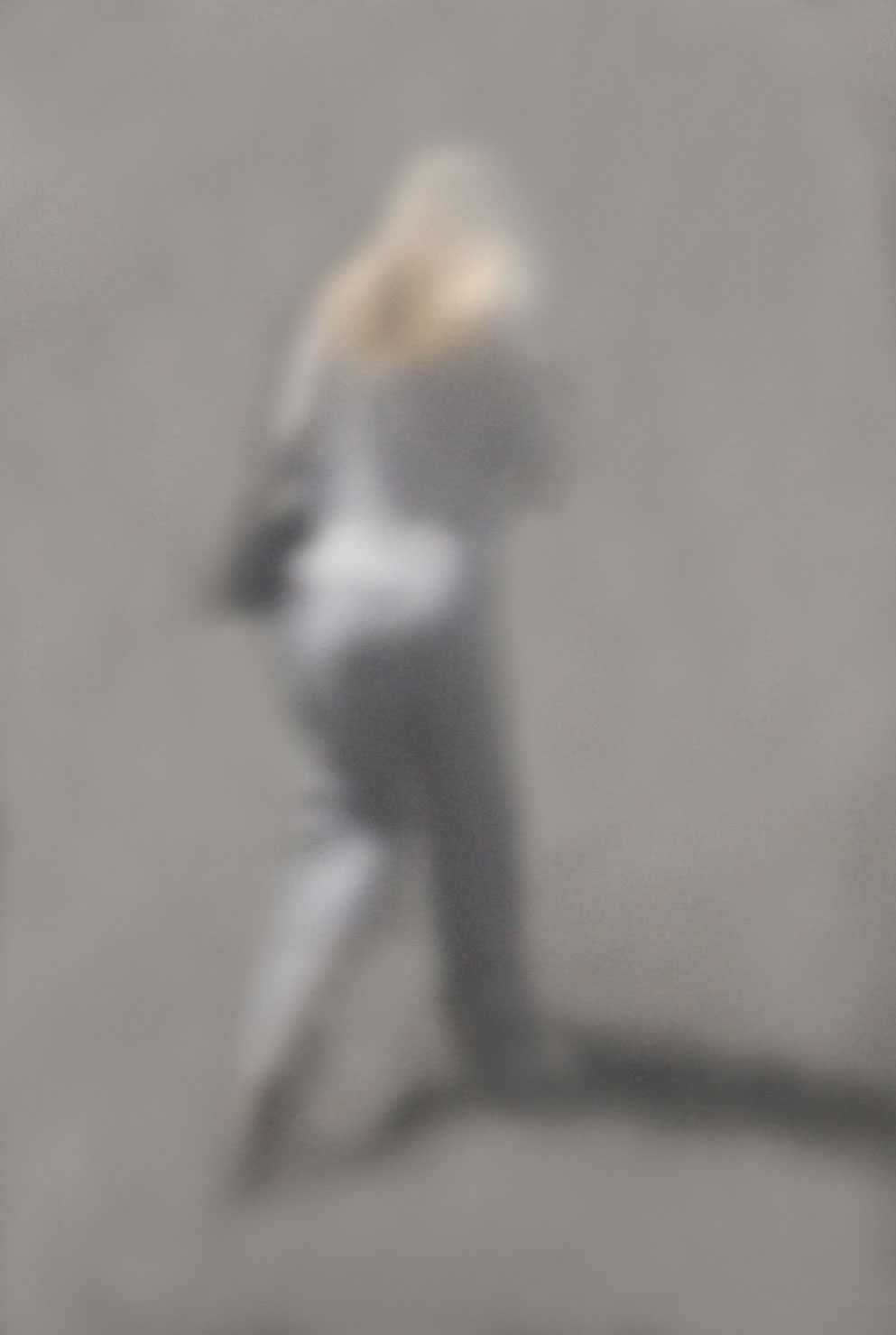 31 Weißer Anzug im Grau verschwindend“, 2021, Bern, Camera Obscura, Pigmentdruck auf Alu-Dibond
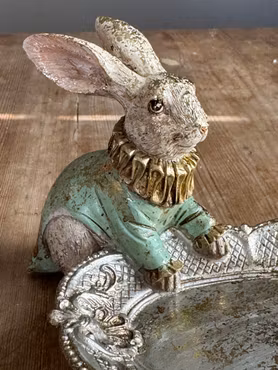 Dekoration Kanin med Fat 15 cm  Grön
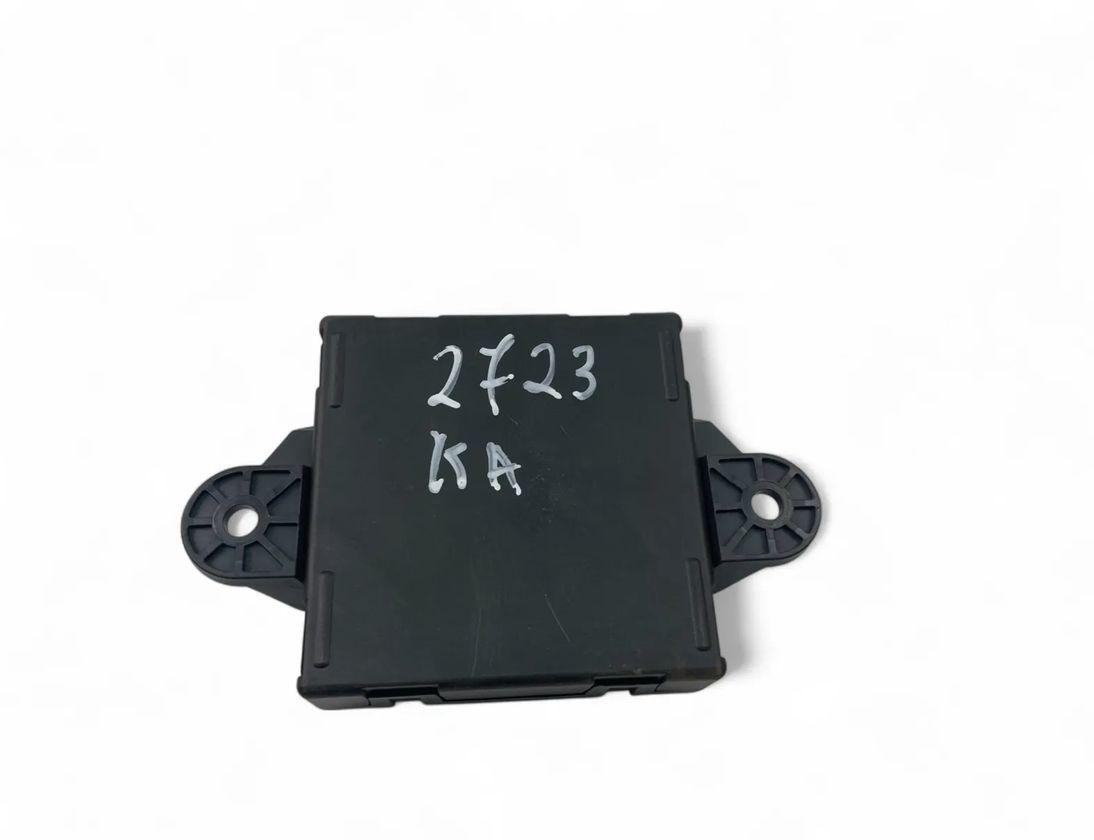 MERCEDES-BENZ C-Class W204/S204/C204 (2004-2015) Блок управления дверей левый задний A2048207585 30435784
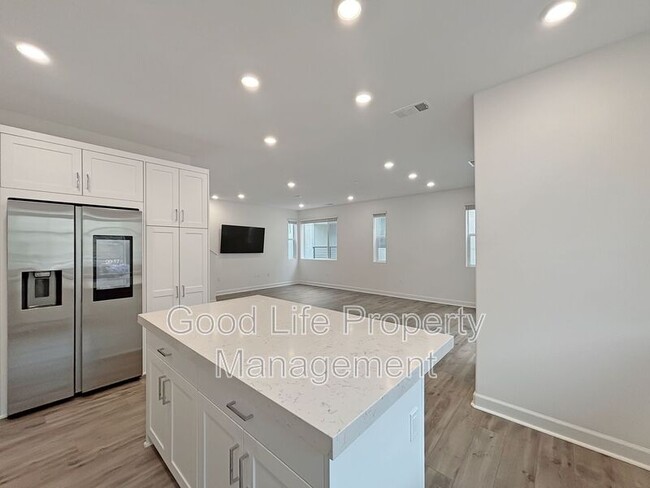 Building Photo - 820 Makani St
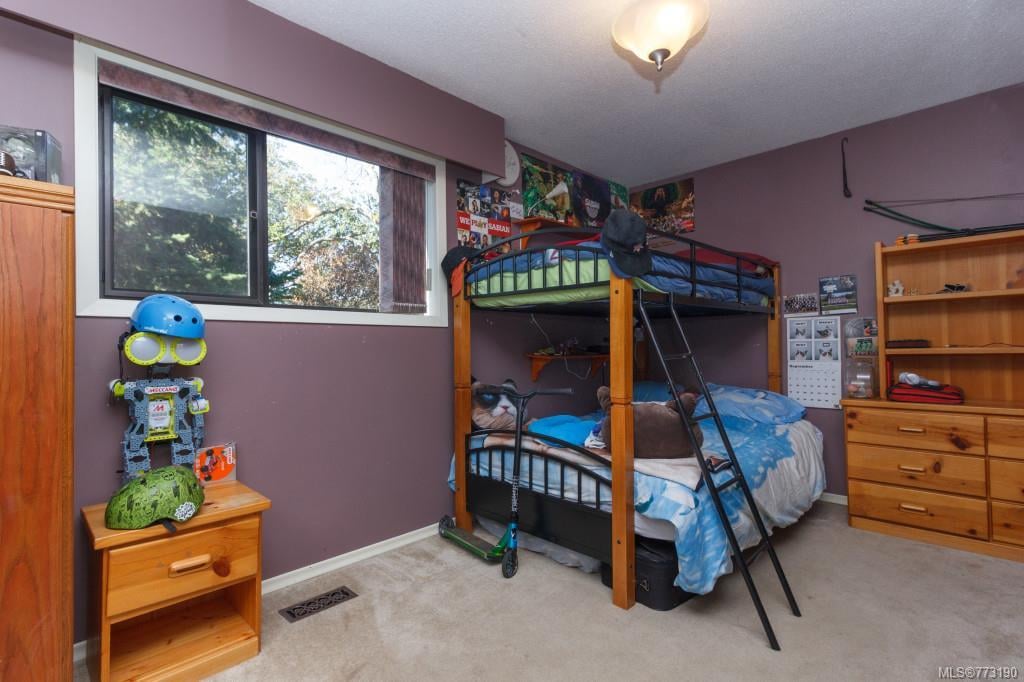 1222 Crown Cres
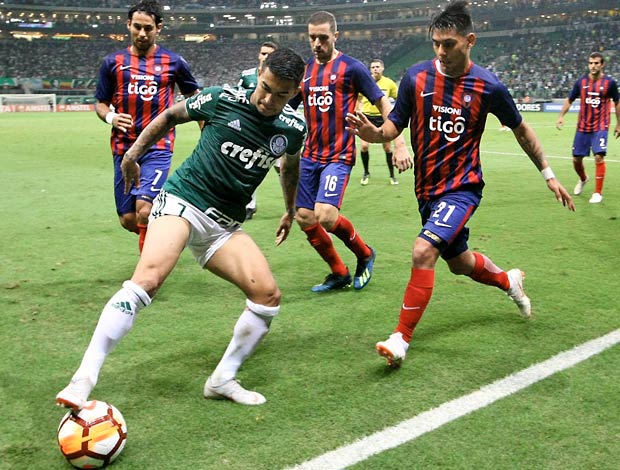 Dudu protege a bola de tr&ecirc;s jogadores do Cerro Porte&ntilde;o no Allianz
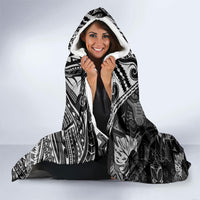 Hawaii King Kamehameha Hooded Blanket With Hawaiian Ipu Motifs Black Version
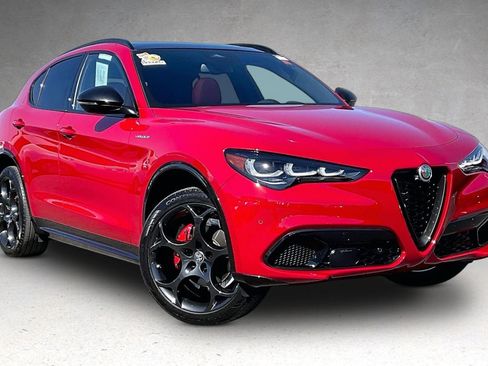 Used 2025 Alfa Romeo Stelvio Sprint AWD/4WD image 2
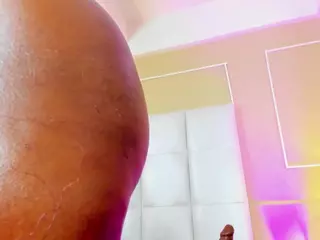 ROOMMYY's Live Sex Cam Show
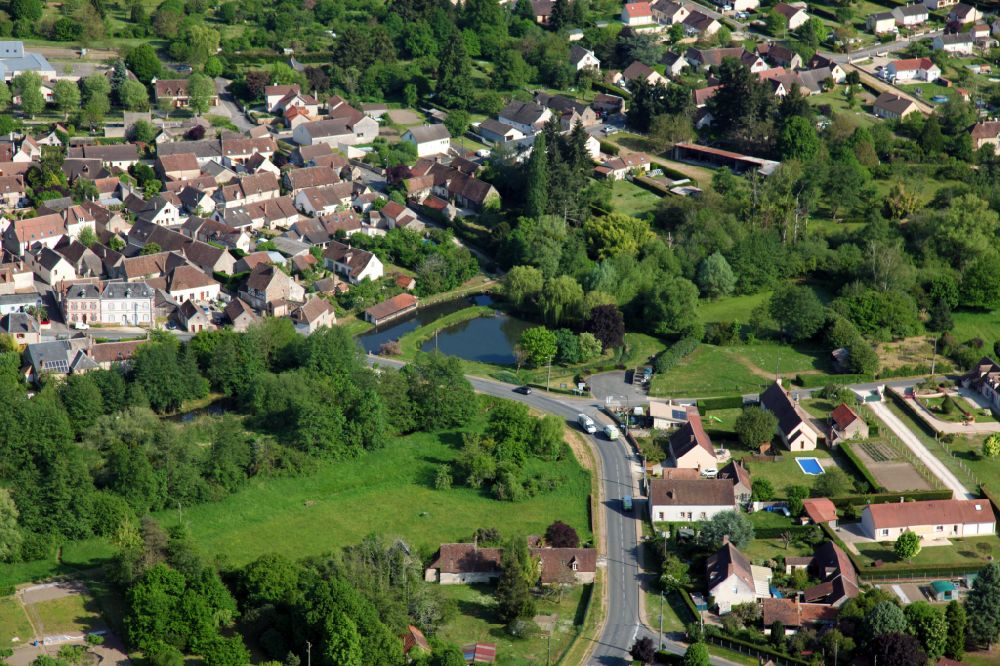 Luftbild Saint-Florent - Ortsansicht am Rande von landwirtschaftlichen Feldern in Saint-Florent in Centre-Val de Loire, Frankreich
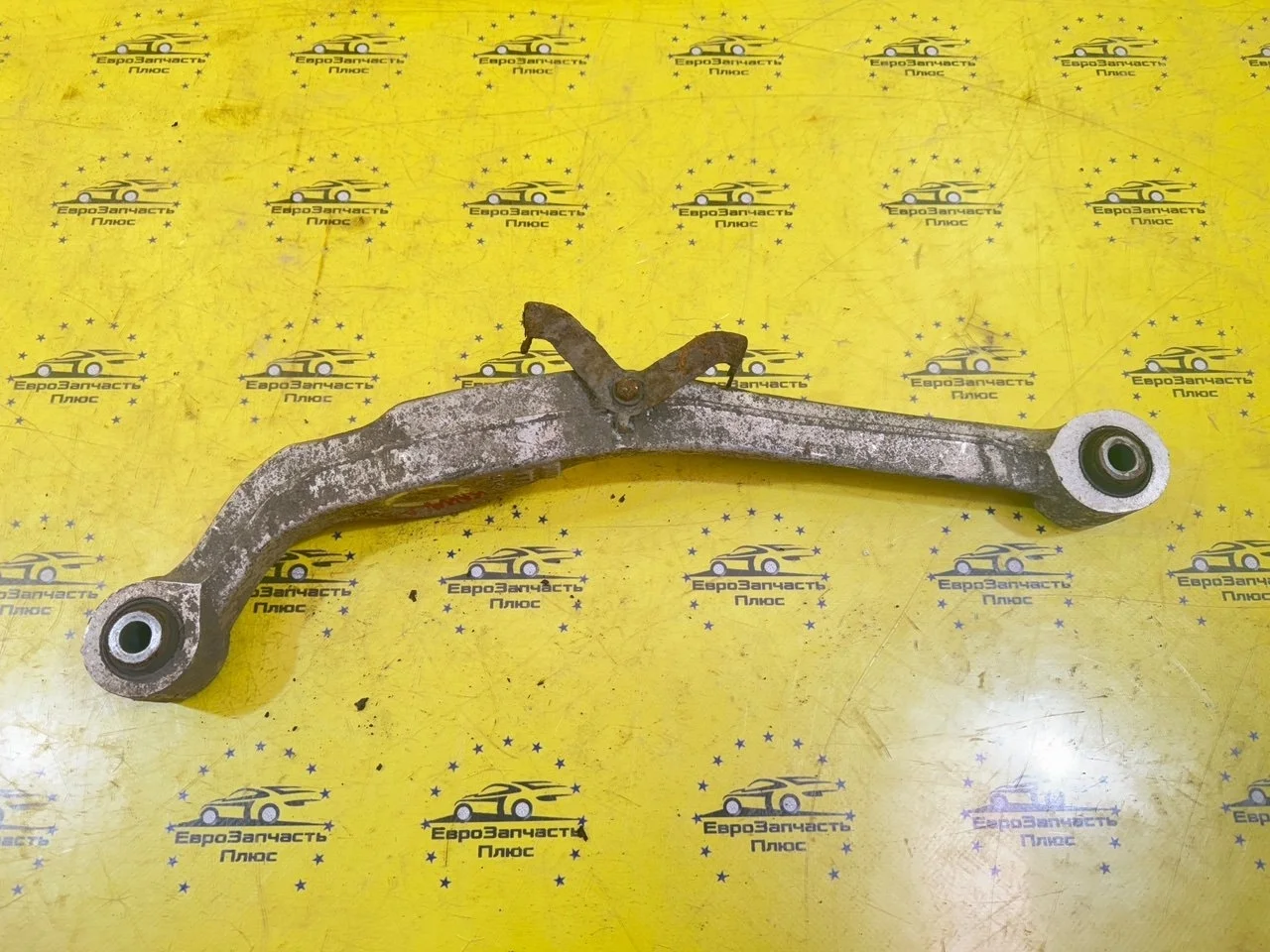 Рычаг подвески Nissan Qashqai 55121JD000 J10, задний левый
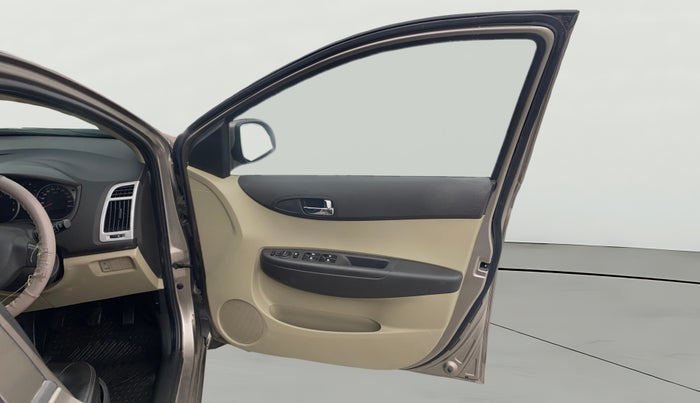 2013 Hyundai i20 MAGNA 1.2, Petrol, Manual, 38,799 km, RHS Front Door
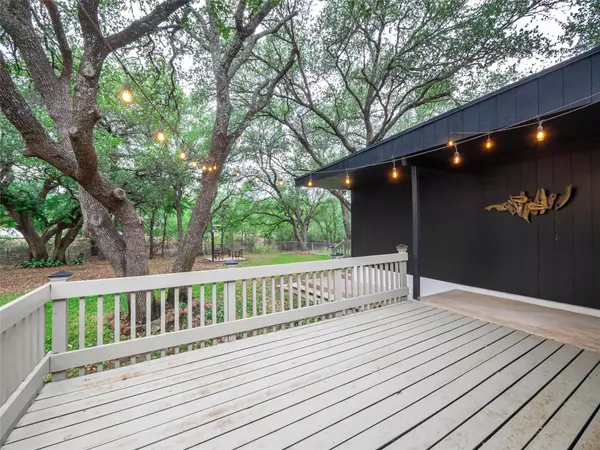 Kingsland, TX 78639,330 Yucca DR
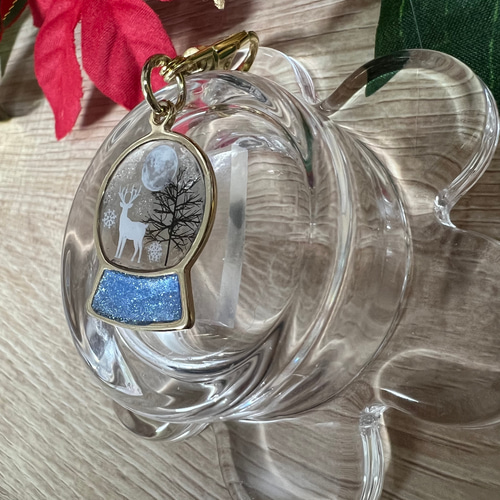 レジンのスノードームキーホルダー その他アクセサリー aqua322 通販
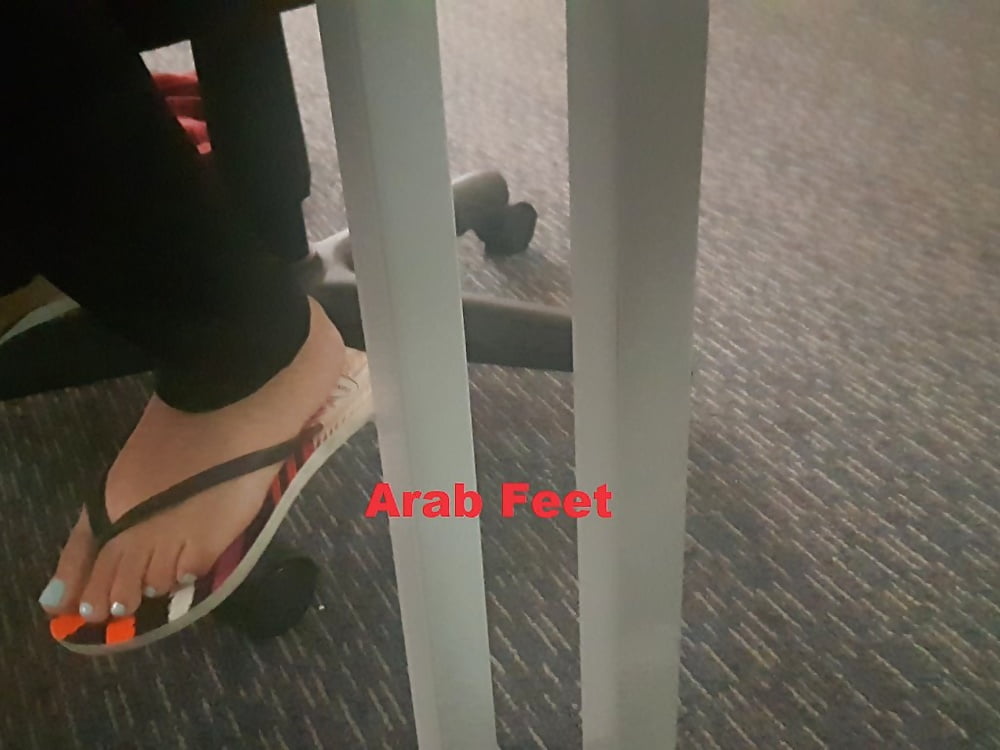  Arab Girls Sluts Feet To Workship Lick Smeel And Fuck (6/14)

## About this exercise
Respond with the exact lines above running from the one containing "Hawaii King Kamehameha" to the one containing "2013 Hyundai i20", both ends kept and no pictures included.

## Finished task
 Hawaii King Kamehameha Hooded Blanket With Hawaiian Ipu Motifs Black Version
 Used 2025 Alfa Romeo Stelvio Sprint AWD/4WD image 2
 ROOMMYY's Live Sex Cam Show
 Luftbild Saint-Florent - Ortsansicht am Rande von landwirtschaftlichen Feldern in Saint-Florent in Centre-Val de Loire, Frankreich
 Рычаг подвески Nissan Qashqai 55121JD000 J10, задний левый
 2013 Hyundai i20 MAGNA 1.2, Petrol, Manual, 38,799 km, RHS Front Door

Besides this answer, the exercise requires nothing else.